═════ Data section
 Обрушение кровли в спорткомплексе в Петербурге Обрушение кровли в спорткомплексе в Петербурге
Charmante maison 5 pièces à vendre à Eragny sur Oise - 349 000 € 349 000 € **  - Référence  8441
══════════
═════ Data section
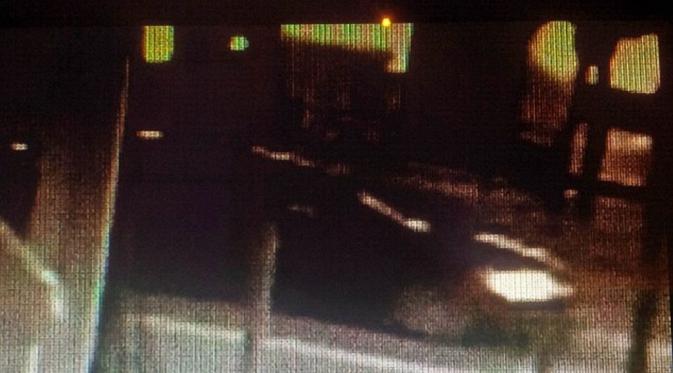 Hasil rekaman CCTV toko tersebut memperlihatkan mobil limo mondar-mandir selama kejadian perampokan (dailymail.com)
══════════
As the answer, set down only the lines from the data above between the one holding "Обрушение кровли в спорткомплексе в Петербурге Обрушение" and the one holding "Charmante maison 5", inclusive, exactly as they read.

 Обрушение кровли в спорткомплексе в Петербурге Обрушение кровли в спорткомплексе в Петербурге
Charmante maison 5 pièces à vendre à Eragny sur Oise - 349 000 € 349 000 € **  - Référence  8441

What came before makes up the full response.